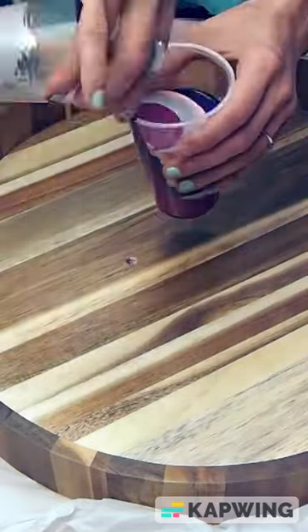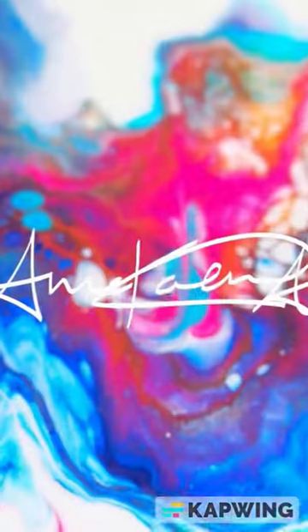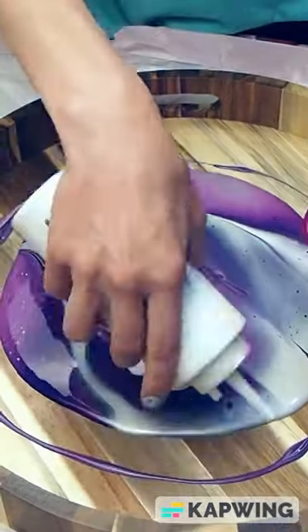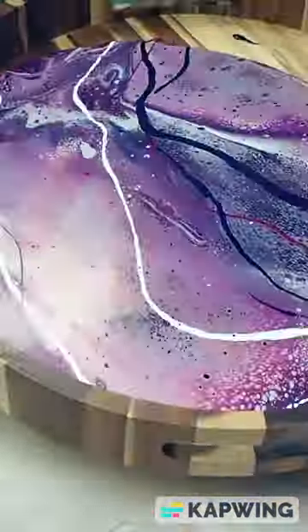If you watch my paint demo videos, you may notice how I choreograph the paint process to the music. I think that's because of my background as a ballet dancer and choreographer. Music evokes a response from both the soul and the body, and my dancing and painting is often inspired by music.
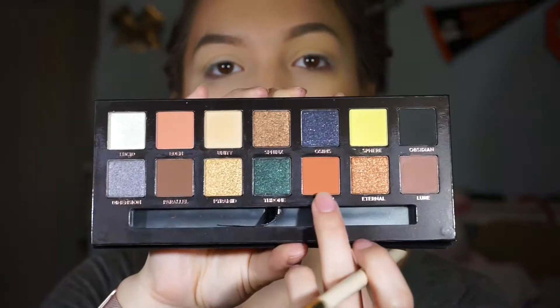Unity is in the crease, so now I'm going to go in with Saturn, which is this kind of coral-y color, and I'm just going to put that one in the crease as well. Saturn blended out really easily — it's really comfortable and really smooth to go on.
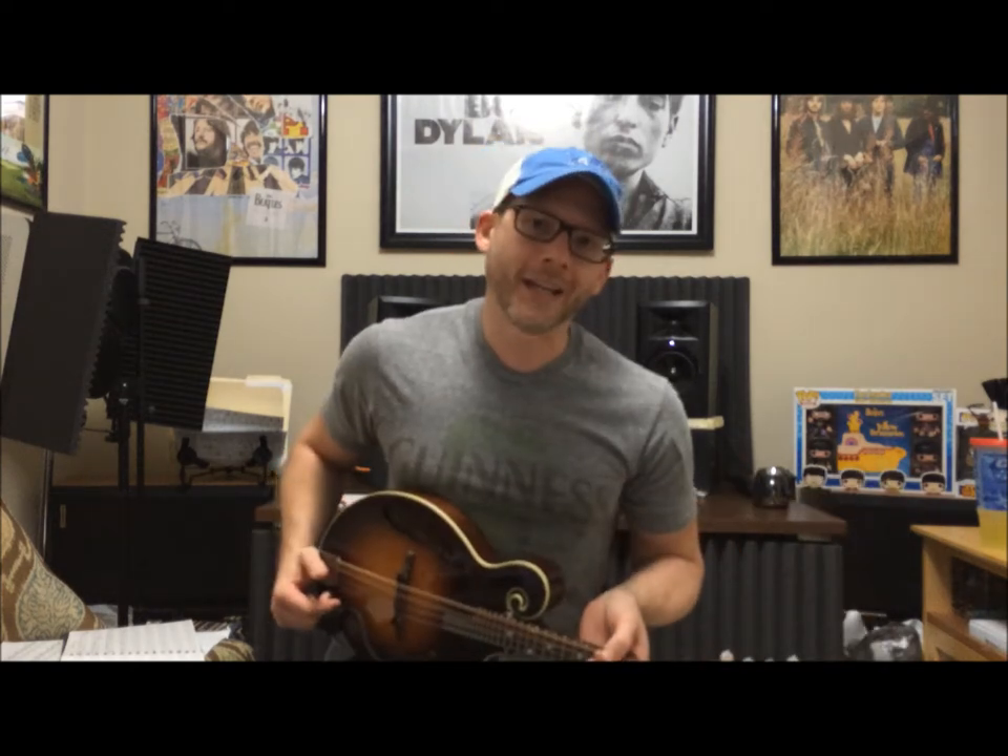Please go to the Facebook page and like it. Mandolinsandbeer.com is being built right now and stickers are being shipped with the new logo, which was at the very beginning of this video, so I'm really excited about those as well. So without further ado, the lick.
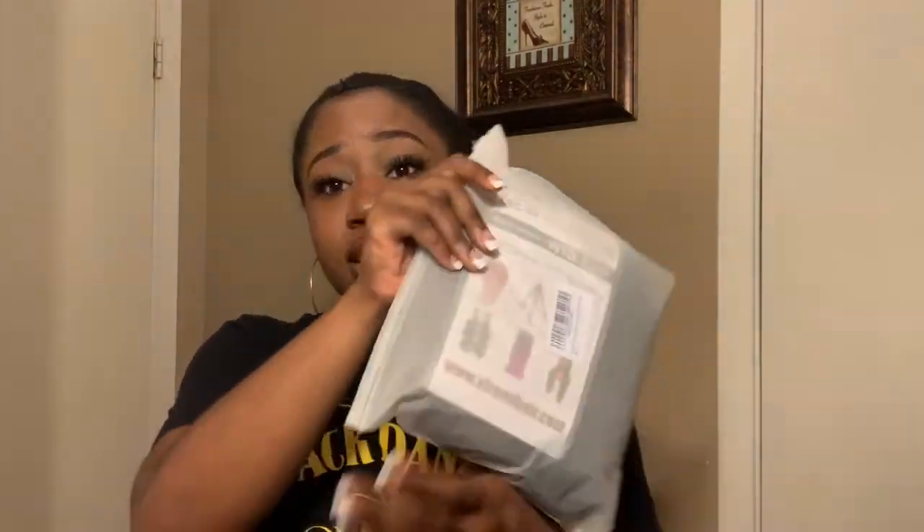They also sent some wig caps — mesh spandex dome caps. This comes in a pack of five. Y'all know I wear a lot of wigs and I make wigs too, so I literally have enough to last me for my next five installs. I'll have a link below; it was super cheap and affordable, like five dollars for five of them — and you'd probably pay five dollars for one of those at your beauty supply store. And then they sent me this wig — it's 40 inches, y'all know I'm short!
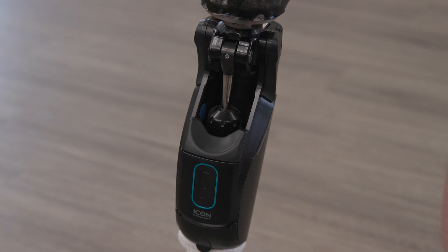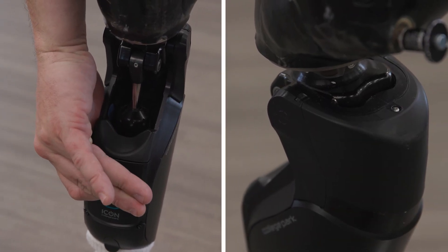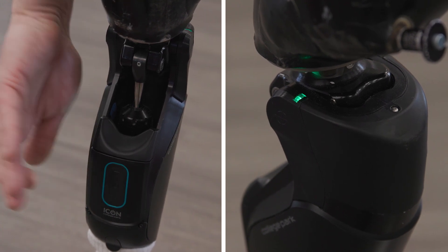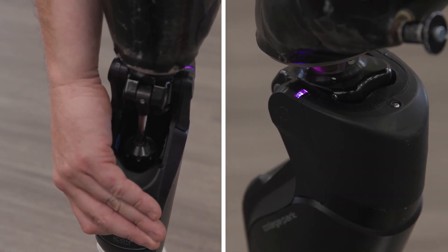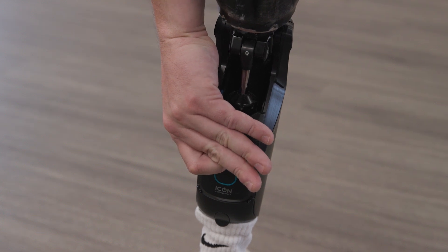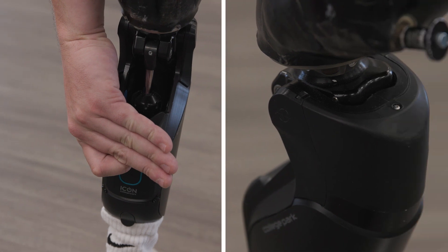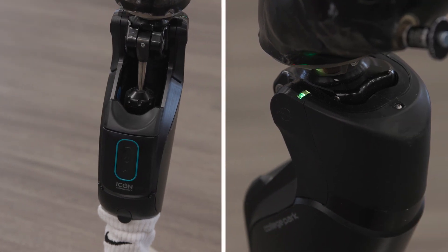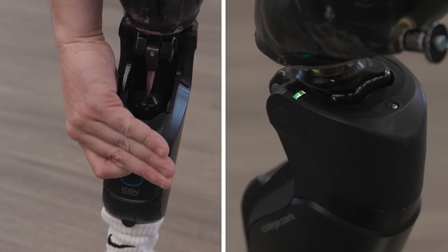The mode can also be changed without using the app by pressing the lock/free swing button on the back of the knee. Press and hold the button for three seconds to engage lock mode. The LED indicator will turn purple while the knee is locked. Press the button for three seconds again and the knee will go back to normal mode. Press and hold the button for six seconds to engage free swing mode. The LED indicator will turn yellow while the knee is in free swing. Press the button for three seconds again and the knee will go back to normal mode.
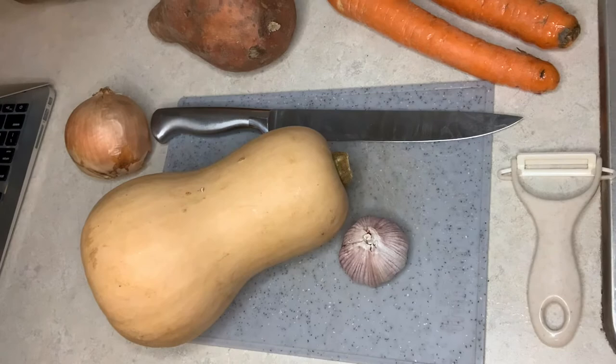Hey guys, welcome to my YouTube channel! Today we're going to be cooking some butternut squash soup. This is a butternut squash and it is delicious in soup form.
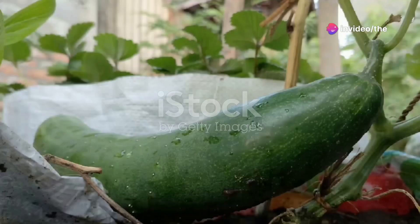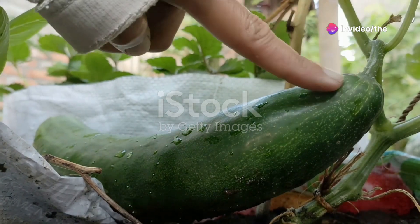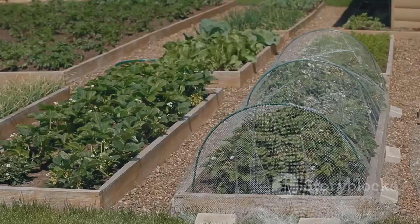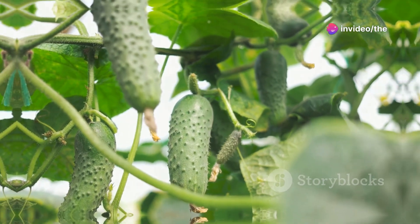To maximize space and improve air circulation, consider trellising your cucumber plants. Use a sturdy trellis or fence and gently guide the vines to climb. This not only saves space but also keeps the fruit cleaner and easier to harvest.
- - -
**WHAT IS REQUIRED:**
Repeat only the lines between the start of the data and the line with "Unity is in", including those two lines, and skip the pictures.

**EXPECTED ANSWER:**
If you watch my paint demo videos, you may notice how I choreograph the paint process to the music. I think that's because of my background as a ballet dancer and choreographer. Music evokes a response from both the soul and the body, and my dancing and painting is often inspired by music.
Unity is in the crease, so now I'm going to go in with Saturn, which is this kind of coral-y color, and I'm just going to put that one in the crease as well. Saturn blended out really easily — it's really comfortable and really smooth to go on.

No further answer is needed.